Take the lines from the one with "Stencil of Zorro" to the end of the listing, both ends included, and quote them exactly, leaving pictures out.
Extracted entries below:
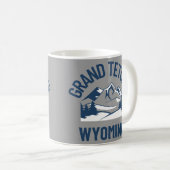 Grand Tetons Wyoming Kaffeetasse (VorderseiteRechts)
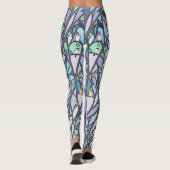 Vögel im Glasbaum Leggings (Rückseite)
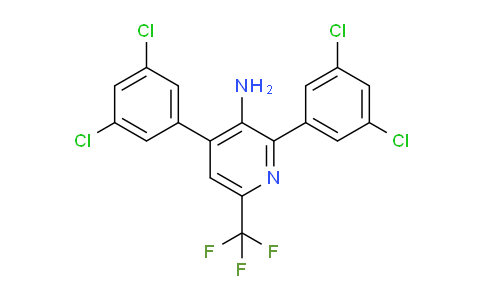 3-Amino-2,4-bis(3,5-dichlorophenyl)-6-(trifluoromethyl)pyridine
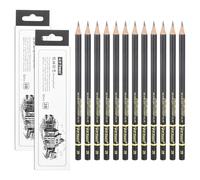 PATIKIL HB Sketch Pencils for Drawing, 24Pcs Professional Art Drawing Pencils Graphite Wood Art Supplies Break-Resistant for Artists Beginners Shading Sketching Doodling, Blue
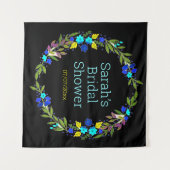 Polterabend personalisierte Tapisserie Wandteppich (Vorderseite (Horizontal))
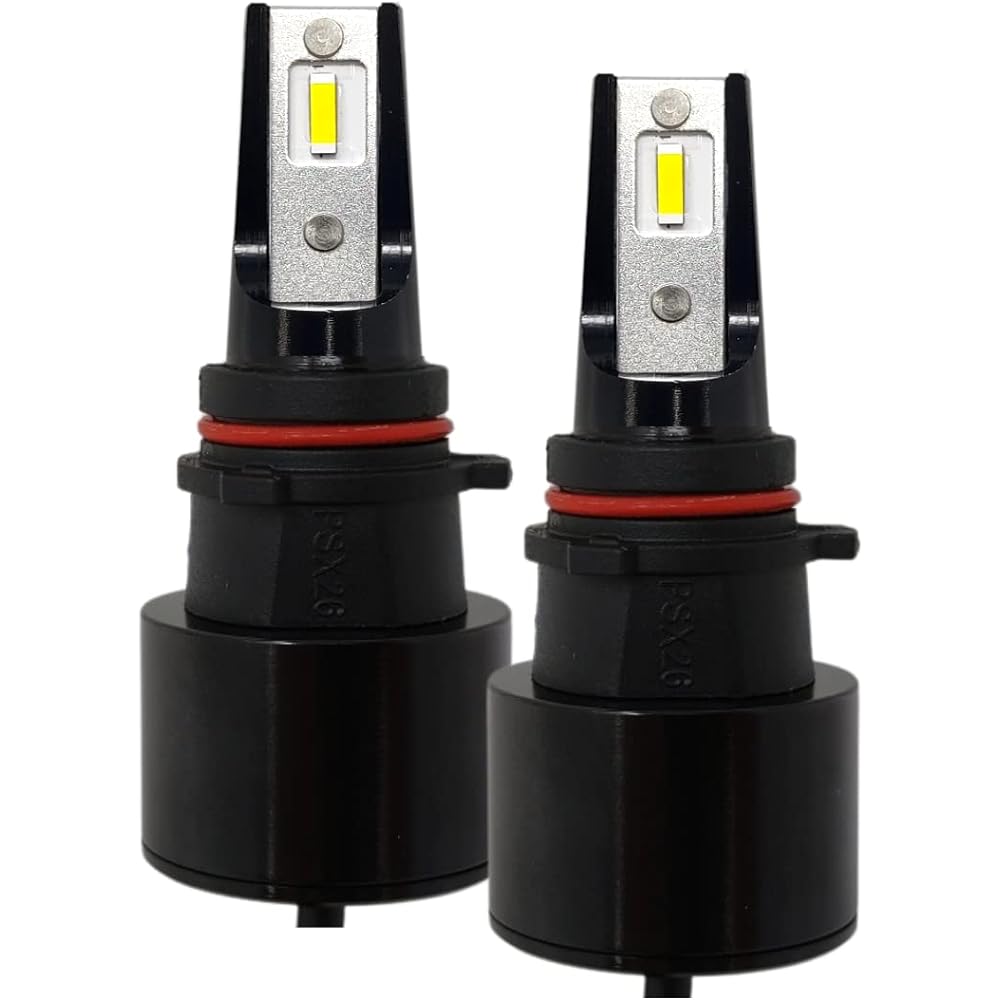 fcl. PSX26W LED fog lamp, white, 6500K, vehicle inspection compatible, genuine light distribution, long life, 12V 24V exclusive, 2 pieces for left and right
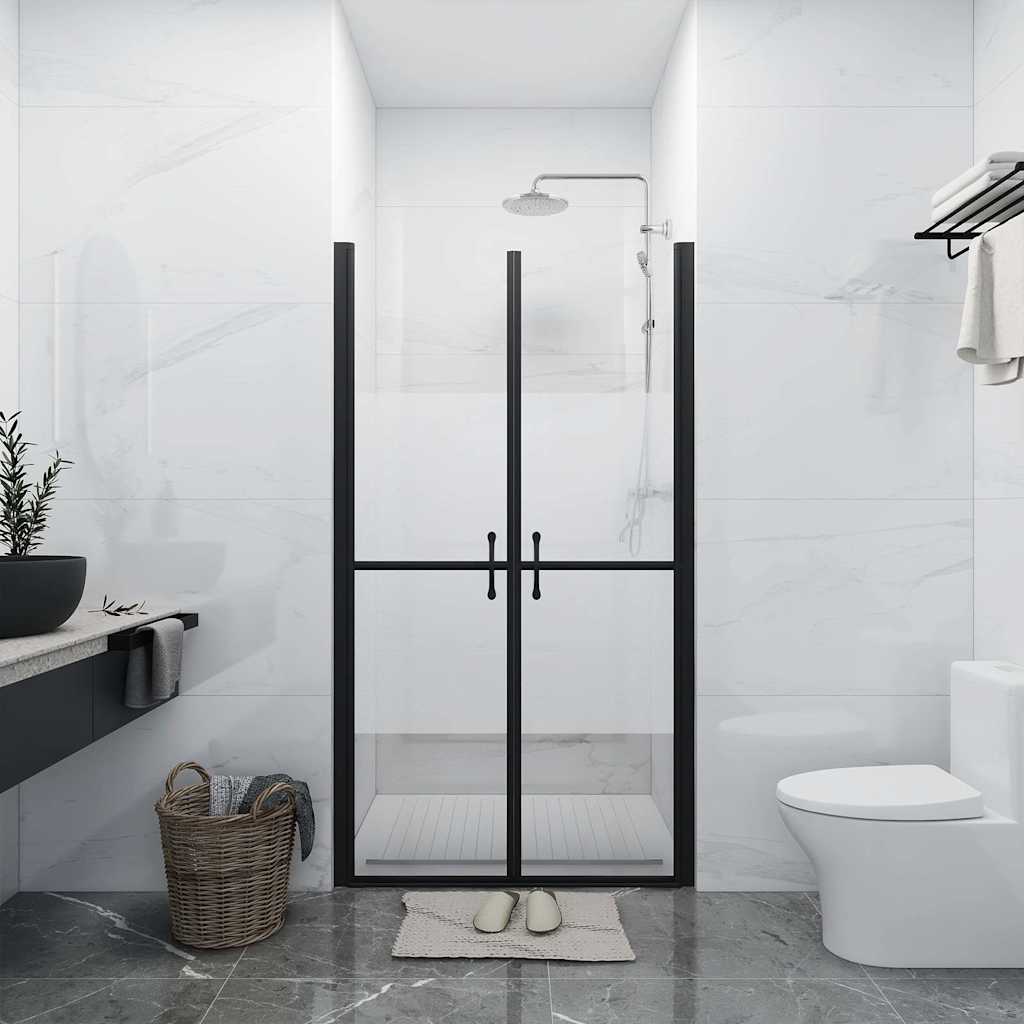 vidaXL Drzwi prysznicowe, szkło częściowo mrożone ESG, (98-101)x190 cm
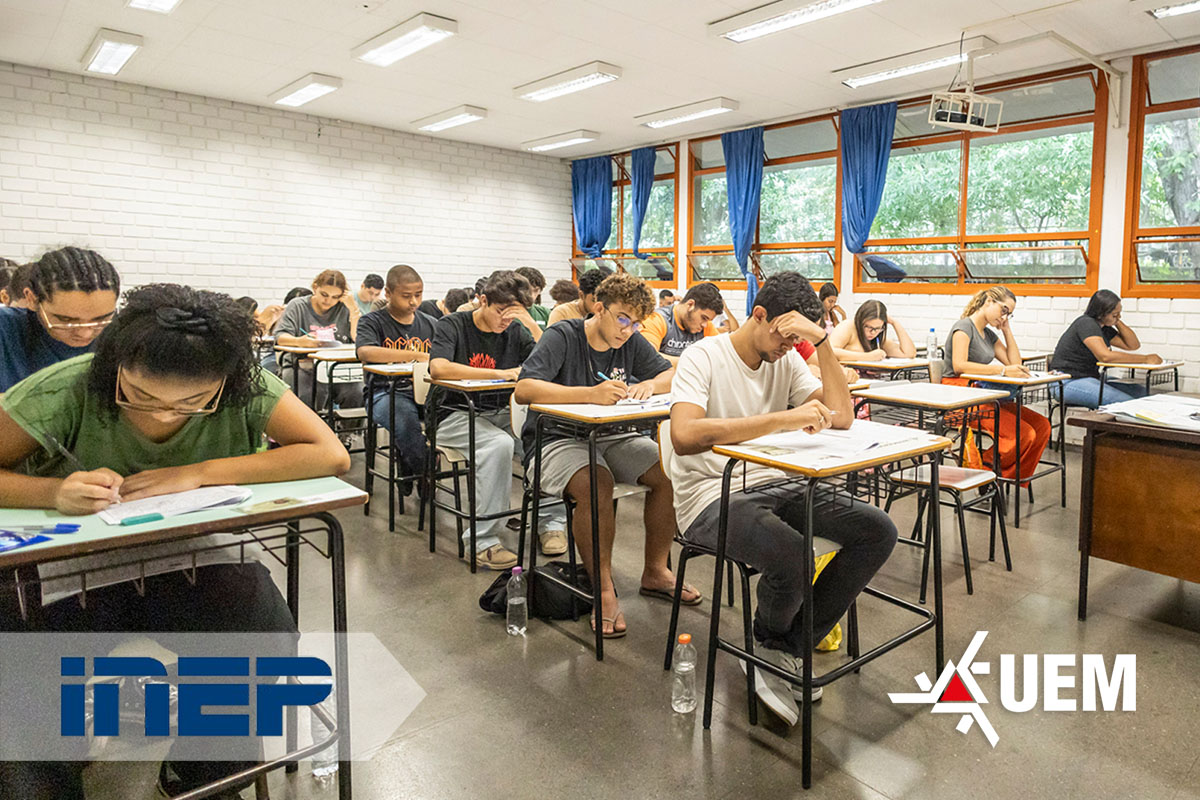 Com vagas para a UEM, Enem começa neste domingo em todo o país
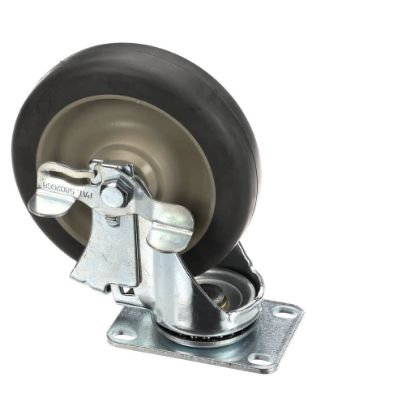 Picture of Duke 214535 Caster,5 W/brk Swivel(6 Load Height,plat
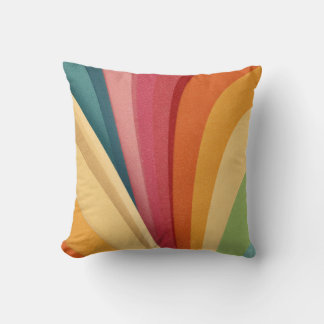 Cojín Decorativo Olas y formas coloridas en diseño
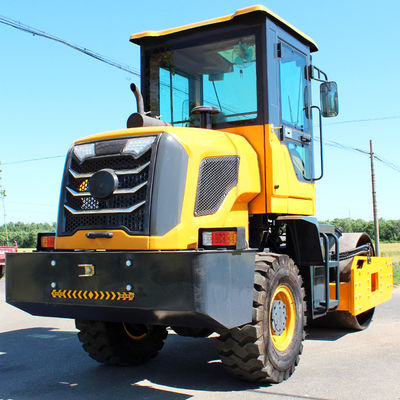 Vibratorroller 3 ton 4 ton Mini wegroller compactor Hydraulische aandrijving Asfaltrollers
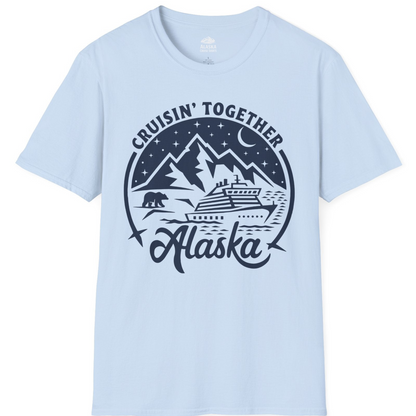 Alaska Cruise Adventure Shirt T-Shirt – Light Blue – Alaska Cruise Shirts
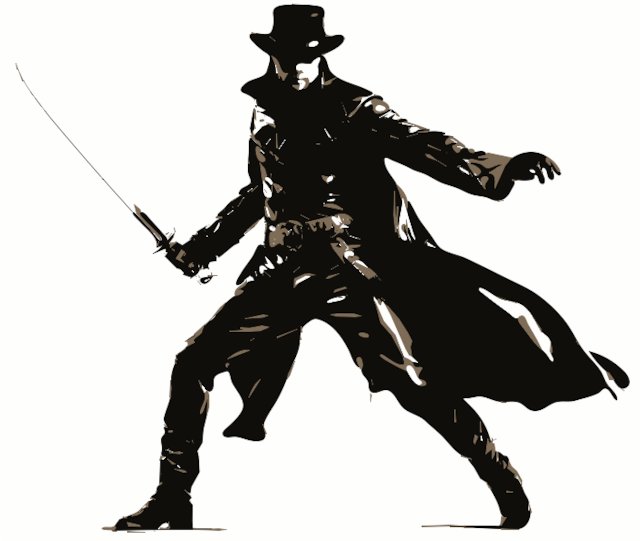 Stencil of Zorro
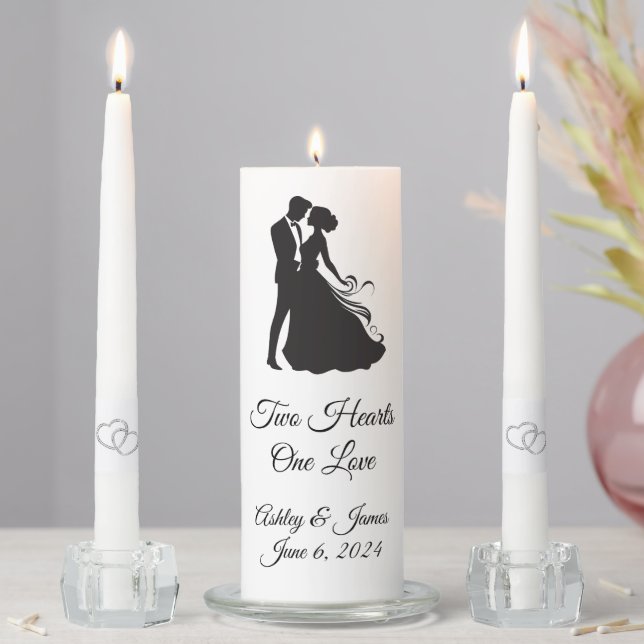 Candle Unity Set-Two Hearts (In Situ)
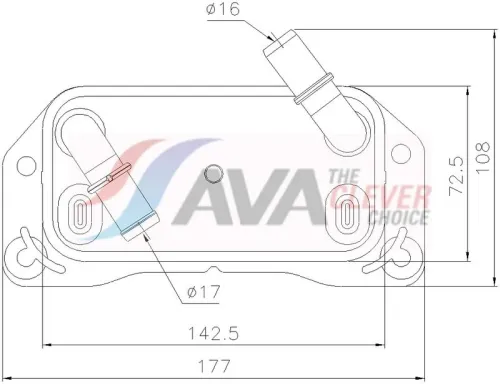 Oil Cooler, engine oil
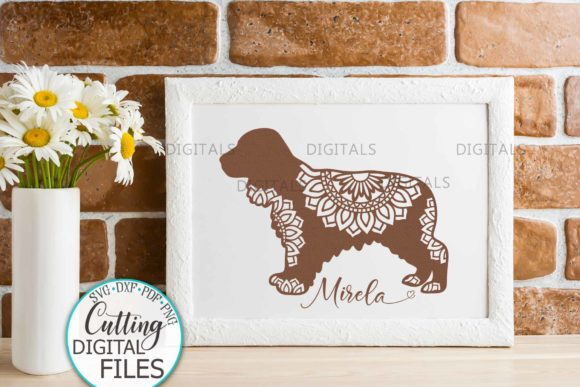 Cocker Spaniel Layered Mandala Dog: Graphics for Crafts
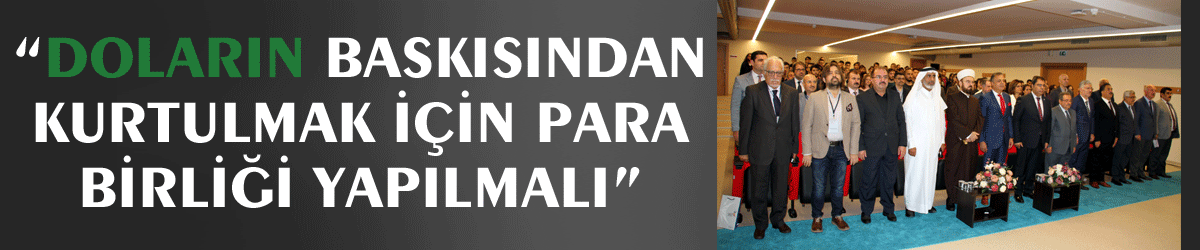 ​​​​​​​“Doların baskısından kurtulmak için para birliği yapılmalı”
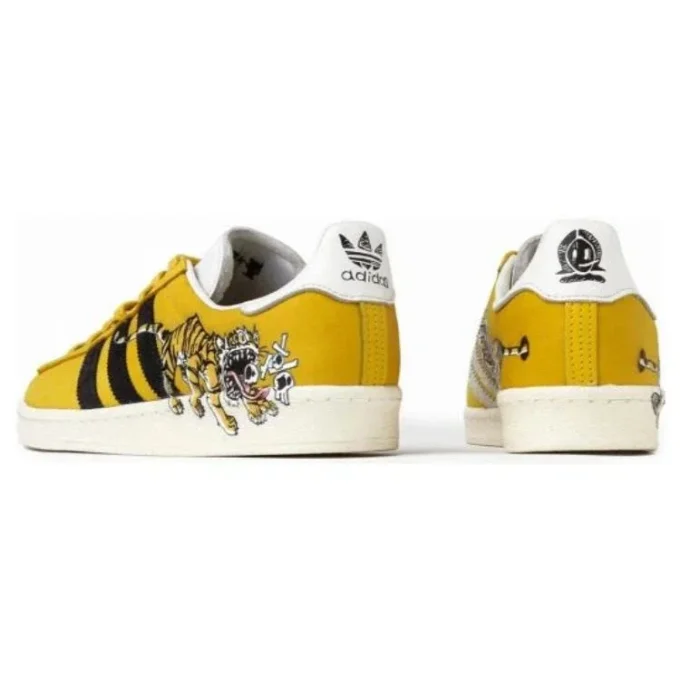 Sapatilhas Adidas X Kasina X Kim Jung Gi Campus “Hazy Yellow”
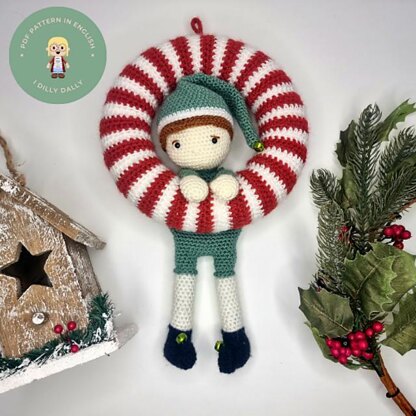 Crochet Christmas Elf Wreath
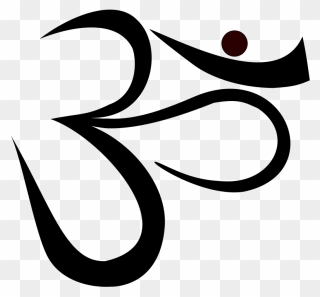 Om Yoga Symbol Hinduism - Aum Png Clipart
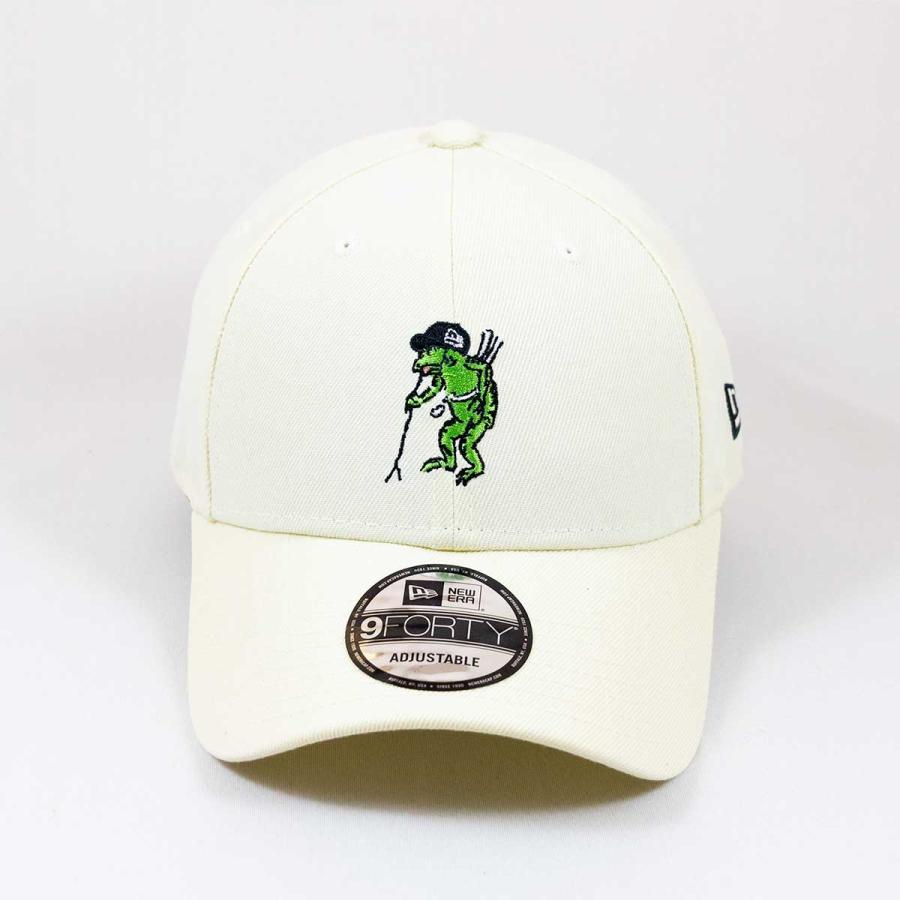 帽子 OFF-WHITE Hardcore Carav Baseball Cap LOW STRAP CAP -OFF WHITE x GREEN- | PICKLES ON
End of Extracted entries.
[Answer below]
 Stencil of Zorro
 Candle Unity Set-Two Hearts (In Situ)
 Oil Cooler, engine oil
 Cocker Spaniel Layered Mandala Dog: Graphics for Crafts
 ​​​​​​​“Doların baskısından kurtulmak için para birliği yapılmalı”
 Sapatilhas Adidas X Kasina X Kim Jung Gi Campus “Hazy Yellow”
 Crochet Christmas Elf Wreath
 Om Yoga Symbol Hinduism - Aum Png Clipart
 帽子 OFF-WHITE Hardcore Carav Baseball Cap LOW STRAP CAP -OFF WHITE x GREEN- | PICKLES ON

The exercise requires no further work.